Originally Posted by PlasmaPZ80U
yeah, my bad: 5 is correct (though some home theater systems have a passive sub... but not mine)
here are the specs for a slightly newer version of my AVR (it has the same specs for power output as mine):
"Rated Output Power (1kHz, 1ch driven) 100 W (8 ohms, 0.9% THD)
Rated Output Power (1kHz, 2ch driven) 85 W (8 ohms, 0.9% THD)
Rated Output Power (20Hz-20kHz, 2ch driven) 70 W (8 ohms, 0.09% THD)
Dynamic Power per Channel (8/6/4/2 ohms) 110 / 130 / 160 / 180 W"
here they show that the real power rating for 2-channels is 70W, not 85W since the latter is only at 1kHz whereas the former is from 20Hz to 20kHz
also, the dynamic power per channel is confusing because these receivers only have 8 ohms and 6 ohms modes, not 4 ohms or 2 ohms (though the owner's manual claims 4 ohms speakers can be used as the fronts when in 6 ohms mode)
on a separate note if my AVR was indeed under-powered for the speakers attached (Sony Core 3 fronts), how would that become apparent when listening to the speakers? too quiet, less dynamic range, not as clear?
what's a power amp and how does that relate to the amp that is part of my receiver?
Your receiver is a processor (decoding audio, etc.) and amplifier (supplying the speakers with power, "watts per channel into "x" ohm - that kind of thing) combined into one with added features (AirPlay, Bluetooth, etc.).
A POWER amplifier is solely the amplifier. They usually deliver more power per channel because their only duty is to supply power to the speakers (essentially). Just like a receiver to a power amplifier, each becomes more refined, meaning it has simpler duties therefore each channel is more powerful - examples are below of this statement (obviously things will vary depending on brand. So I decided to pick the well-known brand Emotiva as my resource)
This is a power amplifier. It supplies speakers with 300 watts RMS into 4 ohms. All channels driven (xpa-5 meaning all 5 channels for a 5.1 system). As you see, much more powerful than your receiver. If your receiver has "pre-outs" (out puts from your receiver to speakers) you are able to use a power amplifier with a receiver to further extend its benefits.
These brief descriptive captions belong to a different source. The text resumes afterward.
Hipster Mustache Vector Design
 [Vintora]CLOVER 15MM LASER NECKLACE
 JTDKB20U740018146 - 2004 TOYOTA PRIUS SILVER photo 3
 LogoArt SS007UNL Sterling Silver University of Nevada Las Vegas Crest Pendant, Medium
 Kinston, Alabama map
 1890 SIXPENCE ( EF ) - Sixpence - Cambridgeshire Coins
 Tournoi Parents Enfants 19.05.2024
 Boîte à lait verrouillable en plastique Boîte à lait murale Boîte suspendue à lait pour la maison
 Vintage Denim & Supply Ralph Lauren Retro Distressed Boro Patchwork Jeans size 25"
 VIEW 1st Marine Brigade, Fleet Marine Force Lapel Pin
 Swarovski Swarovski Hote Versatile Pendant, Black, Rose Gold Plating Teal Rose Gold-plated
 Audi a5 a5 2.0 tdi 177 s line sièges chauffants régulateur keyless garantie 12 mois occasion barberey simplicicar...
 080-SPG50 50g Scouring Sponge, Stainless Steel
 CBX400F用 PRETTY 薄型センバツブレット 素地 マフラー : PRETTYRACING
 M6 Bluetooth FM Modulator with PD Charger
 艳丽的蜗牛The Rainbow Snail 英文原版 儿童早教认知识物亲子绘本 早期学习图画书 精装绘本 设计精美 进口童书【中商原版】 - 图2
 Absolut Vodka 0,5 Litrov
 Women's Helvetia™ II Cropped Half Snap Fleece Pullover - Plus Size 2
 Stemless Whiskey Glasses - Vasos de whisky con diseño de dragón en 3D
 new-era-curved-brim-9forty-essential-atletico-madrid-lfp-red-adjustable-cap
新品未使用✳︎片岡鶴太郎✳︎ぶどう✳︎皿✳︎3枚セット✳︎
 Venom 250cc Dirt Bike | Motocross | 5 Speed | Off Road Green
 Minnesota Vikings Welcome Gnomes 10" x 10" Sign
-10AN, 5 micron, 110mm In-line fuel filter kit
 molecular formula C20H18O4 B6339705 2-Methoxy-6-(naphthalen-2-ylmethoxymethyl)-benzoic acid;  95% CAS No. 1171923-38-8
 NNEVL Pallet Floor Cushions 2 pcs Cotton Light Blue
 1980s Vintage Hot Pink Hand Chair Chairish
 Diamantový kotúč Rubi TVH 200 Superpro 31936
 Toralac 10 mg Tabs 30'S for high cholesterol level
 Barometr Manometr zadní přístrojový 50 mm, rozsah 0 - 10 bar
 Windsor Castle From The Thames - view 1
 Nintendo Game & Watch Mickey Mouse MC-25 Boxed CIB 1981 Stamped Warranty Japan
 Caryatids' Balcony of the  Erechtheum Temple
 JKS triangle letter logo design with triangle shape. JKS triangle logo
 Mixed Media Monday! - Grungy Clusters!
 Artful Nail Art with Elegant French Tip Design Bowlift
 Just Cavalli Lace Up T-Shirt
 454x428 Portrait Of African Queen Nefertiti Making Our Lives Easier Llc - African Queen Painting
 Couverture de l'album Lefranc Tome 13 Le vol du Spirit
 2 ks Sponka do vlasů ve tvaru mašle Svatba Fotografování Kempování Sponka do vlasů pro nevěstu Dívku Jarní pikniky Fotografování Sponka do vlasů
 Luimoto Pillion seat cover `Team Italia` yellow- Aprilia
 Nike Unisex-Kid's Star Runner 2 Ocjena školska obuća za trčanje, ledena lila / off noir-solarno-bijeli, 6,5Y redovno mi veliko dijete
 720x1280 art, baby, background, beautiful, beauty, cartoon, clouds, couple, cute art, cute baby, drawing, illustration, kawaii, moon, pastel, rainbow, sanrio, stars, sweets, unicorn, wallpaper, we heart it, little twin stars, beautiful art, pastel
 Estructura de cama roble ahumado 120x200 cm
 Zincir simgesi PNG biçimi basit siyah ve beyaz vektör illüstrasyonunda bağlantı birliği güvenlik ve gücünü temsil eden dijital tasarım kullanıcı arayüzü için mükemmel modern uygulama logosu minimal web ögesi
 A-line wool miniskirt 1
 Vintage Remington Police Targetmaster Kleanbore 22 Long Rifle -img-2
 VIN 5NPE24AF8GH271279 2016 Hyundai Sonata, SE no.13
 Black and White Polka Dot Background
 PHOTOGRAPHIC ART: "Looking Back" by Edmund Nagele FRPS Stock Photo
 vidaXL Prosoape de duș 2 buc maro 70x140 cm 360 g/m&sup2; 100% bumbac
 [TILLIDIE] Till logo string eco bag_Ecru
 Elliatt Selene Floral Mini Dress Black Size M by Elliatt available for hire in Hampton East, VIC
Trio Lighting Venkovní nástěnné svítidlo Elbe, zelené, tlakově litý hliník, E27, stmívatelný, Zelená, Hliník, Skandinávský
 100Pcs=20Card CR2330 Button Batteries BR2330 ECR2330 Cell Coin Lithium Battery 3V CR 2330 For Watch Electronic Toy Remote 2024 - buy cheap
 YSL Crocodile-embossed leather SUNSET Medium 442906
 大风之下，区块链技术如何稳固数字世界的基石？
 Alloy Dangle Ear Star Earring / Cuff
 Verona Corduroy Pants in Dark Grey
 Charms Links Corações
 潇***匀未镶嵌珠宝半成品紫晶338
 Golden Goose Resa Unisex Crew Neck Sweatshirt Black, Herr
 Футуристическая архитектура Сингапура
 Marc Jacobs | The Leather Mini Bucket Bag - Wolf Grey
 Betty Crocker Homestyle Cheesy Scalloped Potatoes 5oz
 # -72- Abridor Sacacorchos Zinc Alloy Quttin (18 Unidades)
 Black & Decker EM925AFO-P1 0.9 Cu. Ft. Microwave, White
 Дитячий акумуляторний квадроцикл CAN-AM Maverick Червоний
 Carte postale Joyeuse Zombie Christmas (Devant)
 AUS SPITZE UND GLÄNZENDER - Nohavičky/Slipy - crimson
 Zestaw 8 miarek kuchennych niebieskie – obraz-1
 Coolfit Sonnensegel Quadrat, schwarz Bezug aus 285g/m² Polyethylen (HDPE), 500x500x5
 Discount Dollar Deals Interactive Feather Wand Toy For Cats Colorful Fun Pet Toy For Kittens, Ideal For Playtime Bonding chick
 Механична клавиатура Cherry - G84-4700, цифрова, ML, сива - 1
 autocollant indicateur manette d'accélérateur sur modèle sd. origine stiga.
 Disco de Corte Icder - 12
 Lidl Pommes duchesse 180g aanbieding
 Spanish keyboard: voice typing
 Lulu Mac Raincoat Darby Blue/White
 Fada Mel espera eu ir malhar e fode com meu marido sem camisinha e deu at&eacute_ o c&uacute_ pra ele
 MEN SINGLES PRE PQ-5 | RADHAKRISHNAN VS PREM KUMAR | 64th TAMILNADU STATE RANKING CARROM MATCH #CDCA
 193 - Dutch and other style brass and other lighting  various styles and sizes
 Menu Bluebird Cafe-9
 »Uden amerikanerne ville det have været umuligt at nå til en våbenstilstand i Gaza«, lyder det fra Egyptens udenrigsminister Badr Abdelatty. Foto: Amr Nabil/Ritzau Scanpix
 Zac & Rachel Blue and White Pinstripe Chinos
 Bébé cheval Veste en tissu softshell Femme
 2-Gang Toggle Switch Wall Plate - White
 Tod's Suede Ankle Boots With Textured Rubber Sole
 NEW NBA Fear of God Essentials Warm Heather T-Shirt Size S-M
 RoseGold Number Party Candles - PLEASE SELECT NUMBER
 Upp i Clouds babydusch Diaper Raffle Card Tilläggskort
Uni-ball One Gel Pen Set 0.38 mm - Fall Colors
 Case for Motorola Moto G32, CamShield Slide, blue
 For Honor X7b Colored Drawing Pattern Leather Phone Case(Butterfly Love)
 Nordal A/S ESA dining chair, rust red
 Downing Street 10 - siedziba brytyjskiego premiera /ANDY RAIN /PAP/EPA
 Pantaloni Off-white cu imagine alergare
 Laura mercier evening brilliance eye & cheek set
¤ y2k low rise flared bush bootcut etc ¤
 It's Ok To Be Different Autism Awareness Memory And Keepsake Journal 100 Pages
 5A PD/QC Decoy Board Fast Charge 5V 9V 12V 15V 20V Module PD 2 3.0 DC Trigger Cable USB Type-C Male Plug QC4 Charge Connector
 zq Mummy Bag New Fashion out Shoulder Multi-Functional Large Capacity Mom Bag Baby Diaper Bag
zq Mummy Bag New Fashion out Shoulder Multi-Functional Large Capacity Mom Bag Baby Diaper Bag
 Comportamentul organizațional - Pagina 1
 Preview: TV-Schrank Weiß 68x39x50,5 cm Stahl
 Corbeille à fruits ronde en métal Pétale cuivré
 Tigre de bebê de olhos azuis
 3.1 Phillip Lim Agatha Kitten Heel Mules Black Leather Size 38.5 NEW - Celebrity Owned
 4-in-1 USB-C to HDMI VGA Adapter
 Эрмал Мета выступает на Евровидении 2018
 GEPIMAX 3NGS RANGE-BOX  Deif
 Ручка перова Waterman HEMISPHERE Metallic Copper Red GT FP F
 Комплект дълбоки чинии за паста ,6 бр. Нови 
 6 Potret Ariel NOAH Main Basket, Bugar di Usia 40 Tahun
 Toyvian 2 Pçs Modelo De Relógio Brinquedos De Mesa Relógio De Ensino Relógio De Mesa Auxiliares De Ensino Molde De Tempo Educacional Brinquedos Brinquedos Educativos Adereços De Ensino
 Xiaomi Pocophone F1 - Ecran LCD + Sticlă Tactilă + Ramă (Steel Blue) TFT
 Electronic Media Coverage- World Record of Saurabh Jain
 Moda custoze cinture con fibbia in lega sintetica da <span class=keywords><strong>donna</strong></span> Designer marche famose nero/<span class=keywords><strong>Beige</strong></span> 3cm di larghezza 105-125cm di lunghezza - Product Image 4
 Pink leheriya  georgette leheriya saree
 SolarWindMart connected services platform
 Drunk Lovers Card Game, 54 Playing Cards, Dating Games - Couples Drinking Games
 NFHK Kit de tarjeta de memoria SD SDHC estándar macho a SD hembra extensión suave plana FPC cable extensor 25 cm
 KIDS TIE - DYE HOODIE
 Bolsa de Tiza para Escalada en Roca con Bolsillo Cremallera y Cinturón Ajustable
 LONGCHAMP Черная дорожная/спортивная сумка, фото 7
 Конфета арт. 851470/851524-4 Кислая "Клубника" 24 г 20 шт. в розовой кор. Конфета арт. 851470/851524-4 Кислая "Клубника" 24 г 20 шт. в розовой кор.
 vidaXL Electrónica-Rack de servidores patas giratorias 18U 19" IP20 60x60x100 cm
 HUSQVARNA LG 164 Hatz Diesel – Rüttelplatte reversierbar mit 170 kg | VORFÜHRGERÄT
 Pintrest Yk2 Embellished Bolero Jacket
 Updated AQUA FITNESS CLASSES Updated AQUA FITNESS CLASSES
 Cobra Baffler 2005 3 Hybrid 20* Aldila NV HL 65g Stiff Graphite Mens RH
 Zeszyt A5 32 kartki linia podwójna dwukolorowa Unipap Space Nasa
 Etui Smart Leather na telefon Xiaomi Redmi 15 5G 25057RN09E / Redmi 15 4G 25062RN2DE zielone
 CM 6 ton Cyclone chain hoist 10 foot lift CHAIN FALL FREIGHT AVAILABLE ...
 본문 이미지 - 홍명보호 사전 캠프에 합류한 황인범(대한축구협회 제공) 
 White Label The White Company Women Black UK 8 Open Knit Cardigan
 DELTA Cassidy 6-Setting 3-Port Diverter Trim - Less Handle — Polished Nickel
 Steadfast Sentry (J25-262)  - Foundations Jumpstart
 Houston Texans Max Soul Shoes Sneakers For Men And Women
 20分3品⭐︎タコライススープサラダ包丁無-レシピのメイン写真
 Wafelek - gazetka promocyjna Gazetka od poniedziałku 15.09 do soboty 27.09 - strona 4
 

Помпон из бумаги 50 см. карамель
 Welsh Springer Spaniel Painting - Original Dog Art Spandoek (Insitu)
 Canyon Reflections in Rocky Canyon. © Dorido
This is my receiver. It has pre outs so I am able to use the Emotiva xpa-5 to further power my speaker system because this Denon x4000 only supplies 125 per channel into 8 ohms compared to the xpa-5's 200/channel - 8 ohms as well. This allows me to purchase speakers that can handle more power, play louder without distortion, and my receiver doesn't break a sweat.
There are several types of power amplifiers. Multi channel power amplifiers such as the Emotiva xpa-5, stereo power amplifiers such as the xpa-2 (http://usa.denon.com/us/product/home...ersht/avrx4000
and a monoblock - used for powering 1 speaker (mono meaning 1 - https://emotiva.com/products/amplifiers/xpa-1
). Mono blocks are usually the most powerful, because they only supply ONE speaker with power.
As I stated, a more refined unit usually delivers more power, its less *work*. So that stereo power amplifier (xpa-2) supplies 300 watts into 8 ohms. It also has a monoblock mode which supplies an enormous 1000 watts into 8 ohms.
You can break these down so much more, but this is just a simple over-view. At least, my take.